> [THE PROBLEM]: Reproduce exactly the lines of this material that begin at the line with "JVIR (@jvirmedia) on" and end at the line with "Facelift before and", both included. Omit the pictures and everything else.

> [LISTED ENTRIES]:
+--
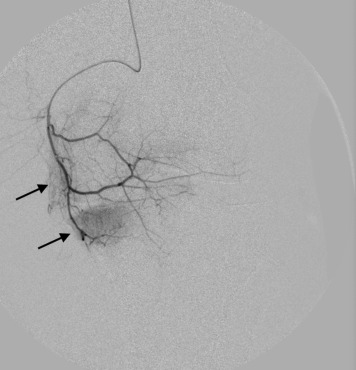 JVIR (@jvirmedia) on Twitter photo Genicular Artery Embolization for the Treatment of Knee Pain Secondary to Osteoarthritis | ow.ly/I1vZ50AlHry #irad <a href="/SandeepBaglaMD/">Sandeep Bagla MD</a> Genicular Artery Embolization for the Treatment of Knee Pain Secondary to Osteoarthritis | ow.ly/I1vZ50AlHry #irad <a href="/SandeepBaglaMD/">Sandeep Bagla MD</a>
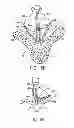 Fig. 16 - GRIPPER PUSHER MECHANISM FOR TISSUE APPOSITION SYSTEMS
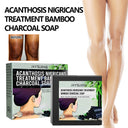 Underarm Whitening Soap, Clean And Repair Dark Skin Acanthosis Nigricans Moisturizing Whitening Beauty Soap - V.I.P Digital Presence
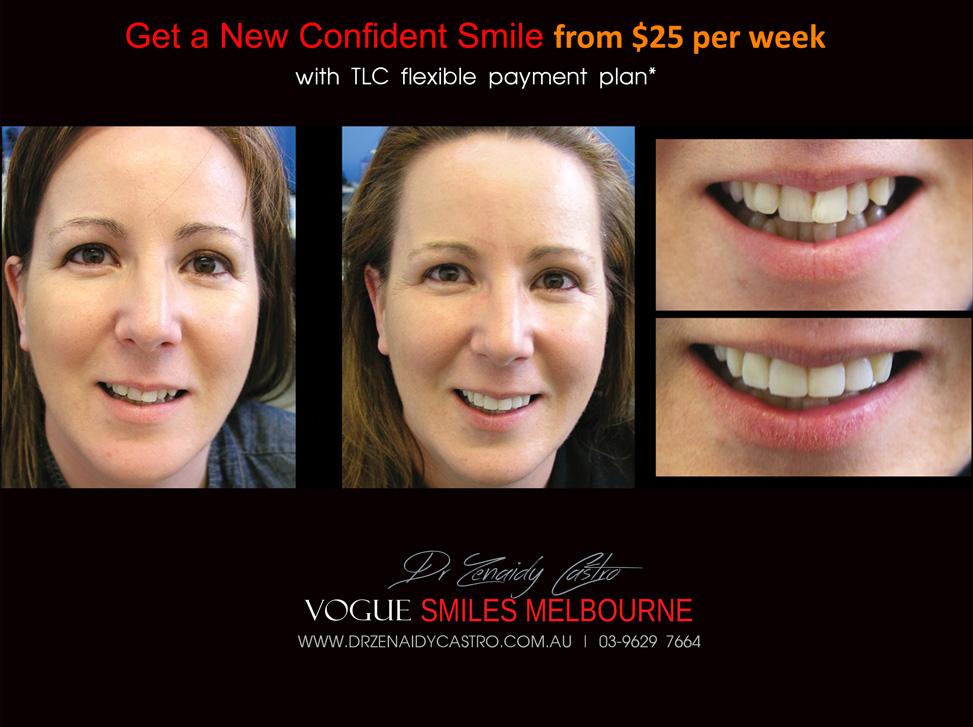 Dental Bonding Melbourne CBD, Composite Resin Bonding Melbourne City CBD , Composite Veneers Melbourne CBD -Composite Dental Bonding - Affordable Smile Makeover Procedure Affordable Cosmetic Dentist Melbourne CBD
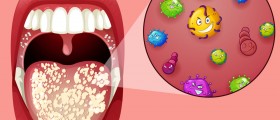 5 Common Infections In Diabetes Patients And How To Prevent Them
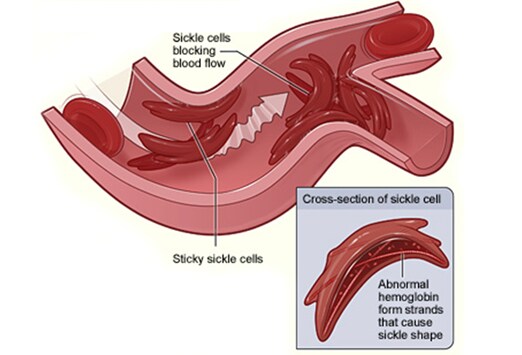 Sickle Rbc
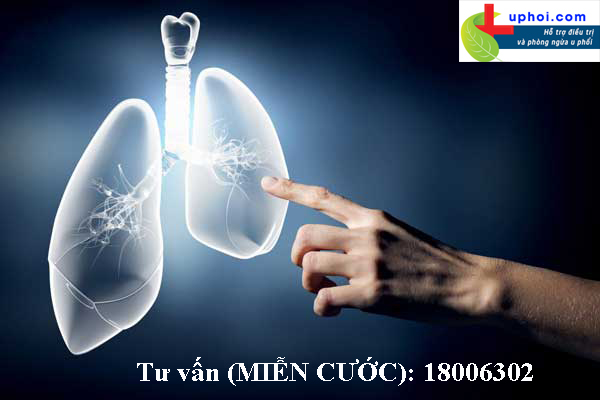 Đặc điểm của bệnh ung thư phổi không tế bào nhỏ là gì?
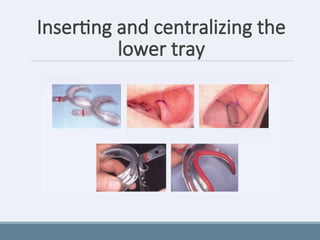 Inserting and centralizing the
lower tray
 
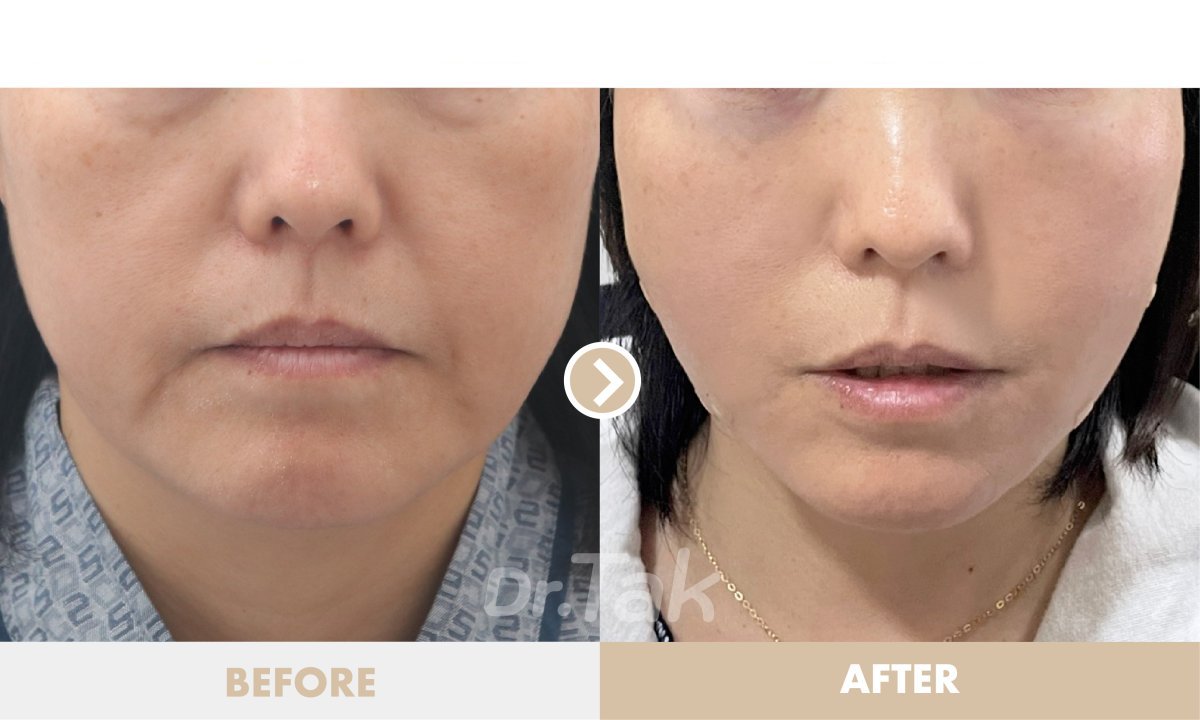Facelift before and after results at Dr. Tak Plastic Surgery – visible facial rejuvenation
+--
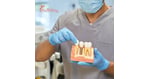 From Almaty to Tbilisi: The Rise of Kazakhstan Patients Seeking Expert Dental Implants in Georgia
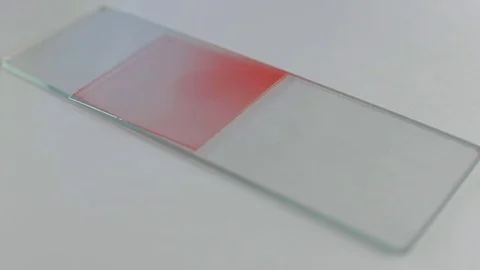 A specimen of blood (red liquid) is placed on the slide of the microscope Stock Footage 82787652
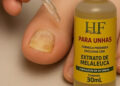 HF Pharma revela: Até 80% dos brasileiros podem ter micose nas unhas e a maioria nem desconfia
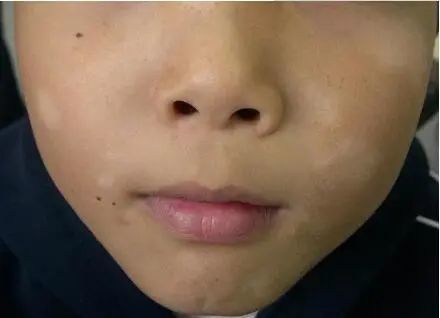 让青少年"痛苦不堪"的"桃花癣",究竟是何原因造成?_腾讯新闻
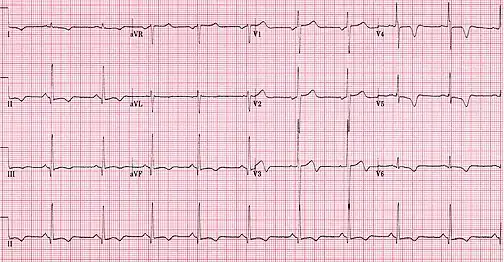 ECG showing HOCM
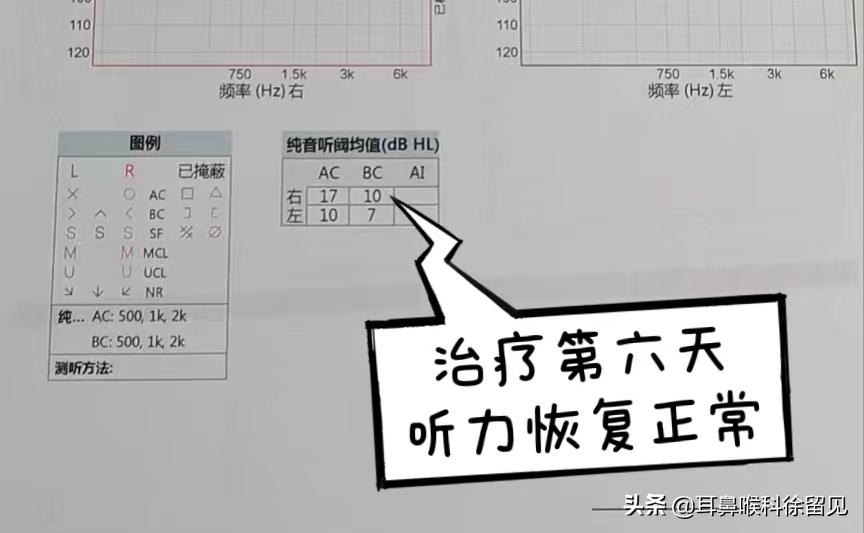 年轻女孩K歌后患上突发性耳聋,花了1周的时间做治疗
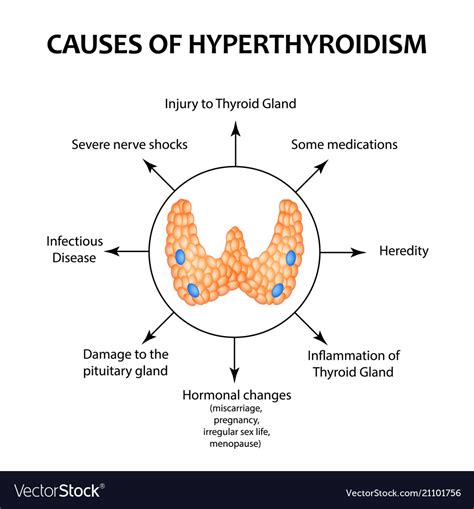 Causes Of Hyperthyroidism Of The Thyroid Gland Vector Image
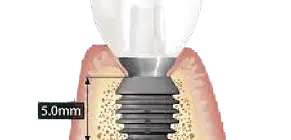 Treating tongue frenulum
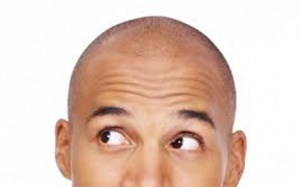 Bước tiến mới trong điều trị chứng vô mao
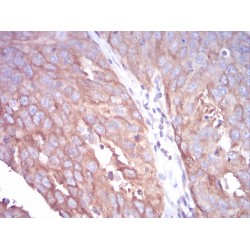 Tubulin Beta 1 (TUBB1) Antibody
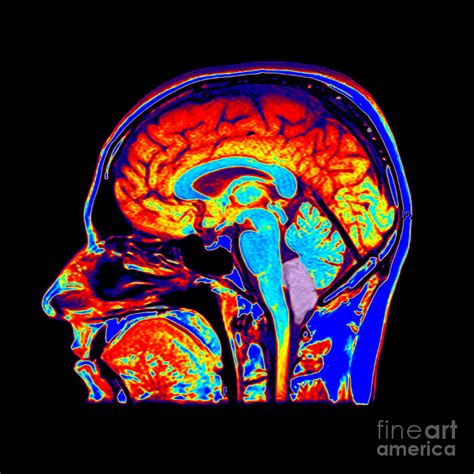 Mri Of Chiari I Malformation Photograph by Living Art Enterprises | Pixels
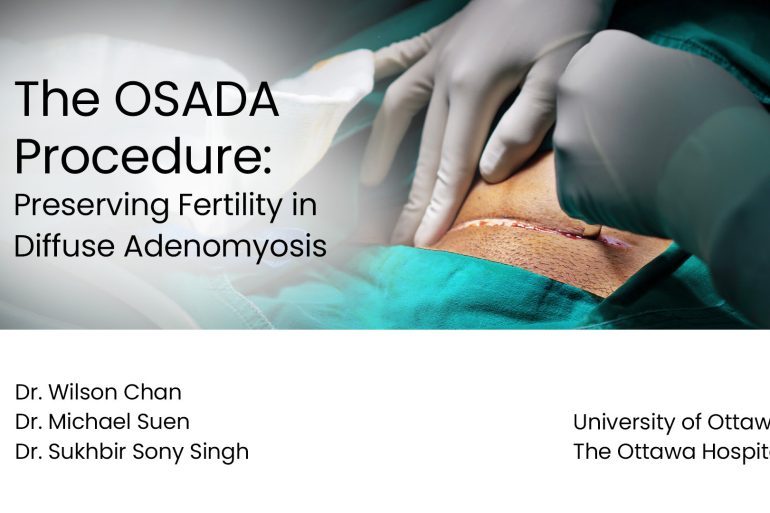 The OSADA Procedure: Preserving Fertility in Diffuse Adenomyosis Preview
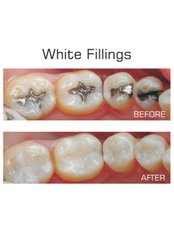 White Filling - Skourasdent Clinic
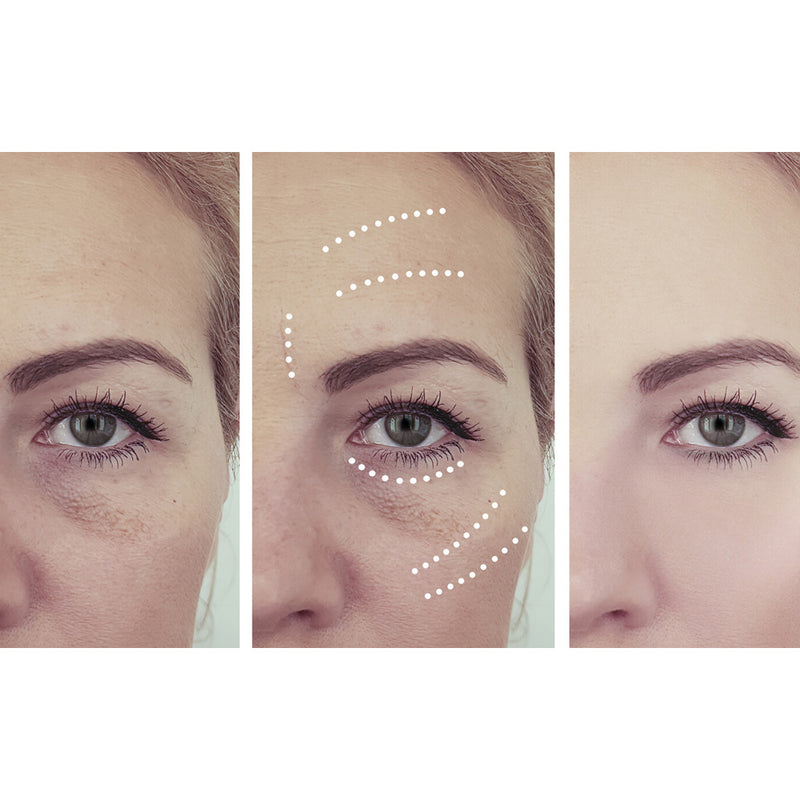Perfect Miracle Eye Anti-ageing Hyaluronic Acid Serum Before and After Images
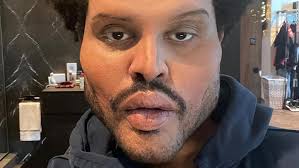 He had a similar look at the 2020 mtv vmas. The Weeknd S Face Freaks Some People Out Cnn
+--
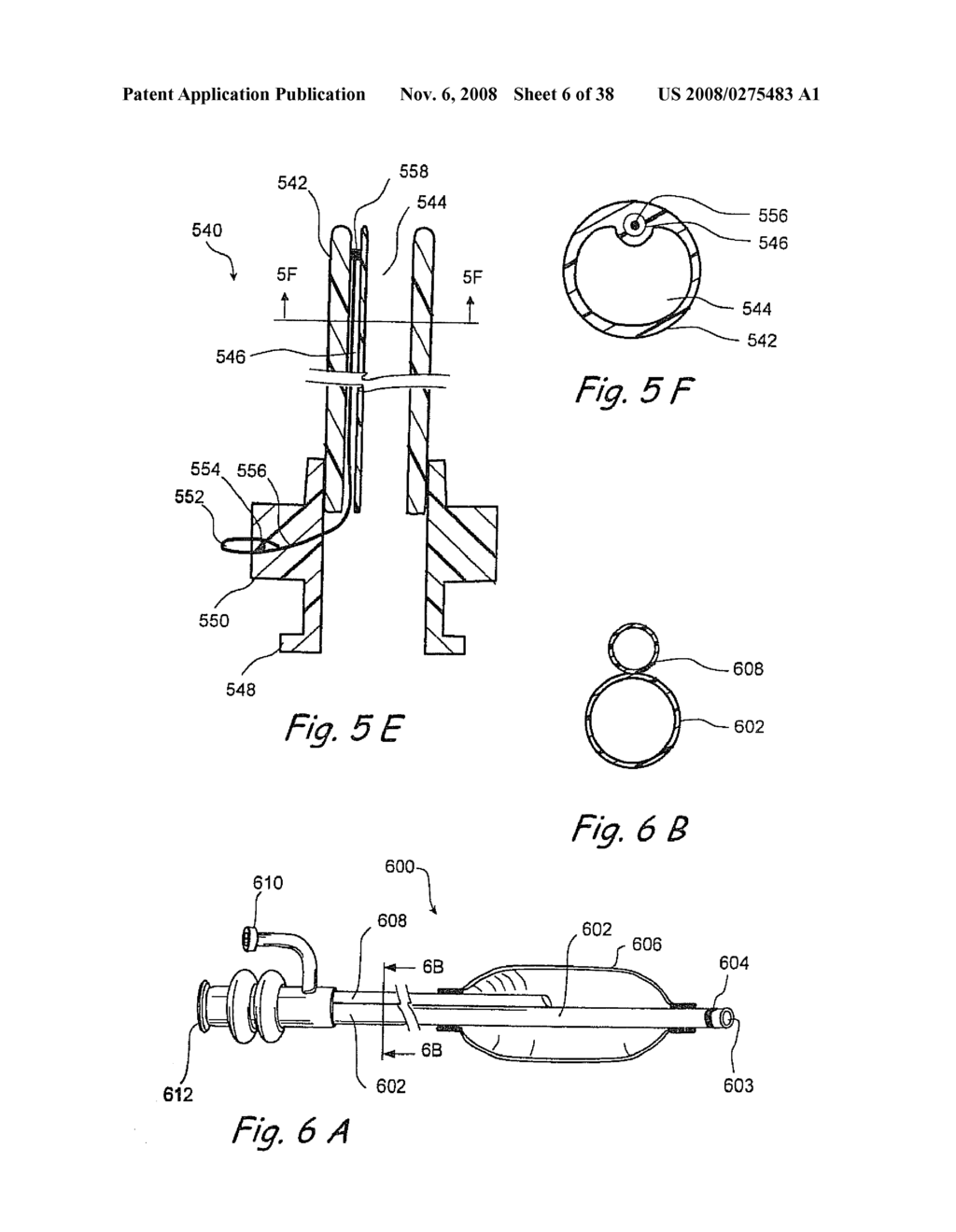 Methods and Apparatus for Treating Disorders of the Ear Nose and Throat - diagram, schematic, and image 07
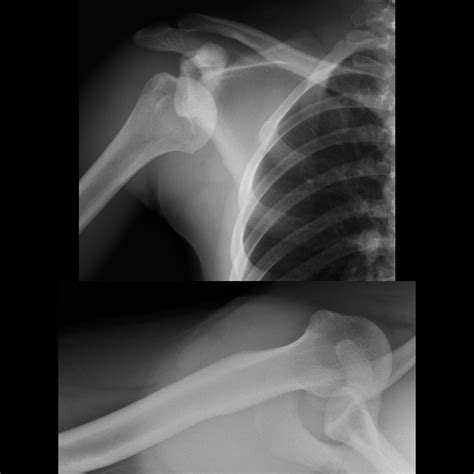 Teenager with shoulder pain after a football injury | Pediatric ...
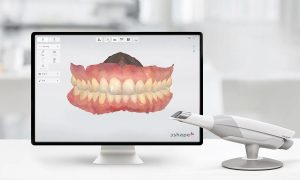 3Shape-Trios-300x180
+--
> [OUTPUT BELOW]:
 JVIR (@jvirmedia) on Twitter photo Genicular Artery Embolization for the Treatment of Knee Pain Secondary to Osteoarthritis | ow.ly/I1vZ50AlHry #irad <a href="/SandeepBaglaMD/">Sandeep Bagla MD</a> Genicular Artery Embolization for the Treatment of Knee Pain Secondary to Osteoarthritis | ow.ly/I1vZ50AlHry #irad <a href="/SandeepBaglaMD/">Sandeep Bagla MD</a>
 Fig. 16 - GRIPPER PUSHER MECHANISM FOR TISSUE APPOSITION SYSTEMS
 Underarm Whitening Soap, Clean And Repair Dark Skin Acanthosis Nigricans Moisturizing Whitening Beauty Soap - V.I.P Digital Presence
 Dental Bonding Melbourne CBD, Composite Resin Bonding Melbourne City CBD , Composite Veneers Melbourne CBD -Composite Dental Bonding - Affordable Smile Makeover Procedure Affordable Cosmetic Dentist Melbourne CBD
 5 Common Infections In Diabetes Patients And How To Prevent Them
 Sickle Rbc
 Đặc điểm của bệnh ung thư phổi không tế bào nhỏ là gì?
 Inserting and centralizing the
lower tray
 
Facelift before and after results at Dr. Tak Plastic Surgery – visible facial rejuvenation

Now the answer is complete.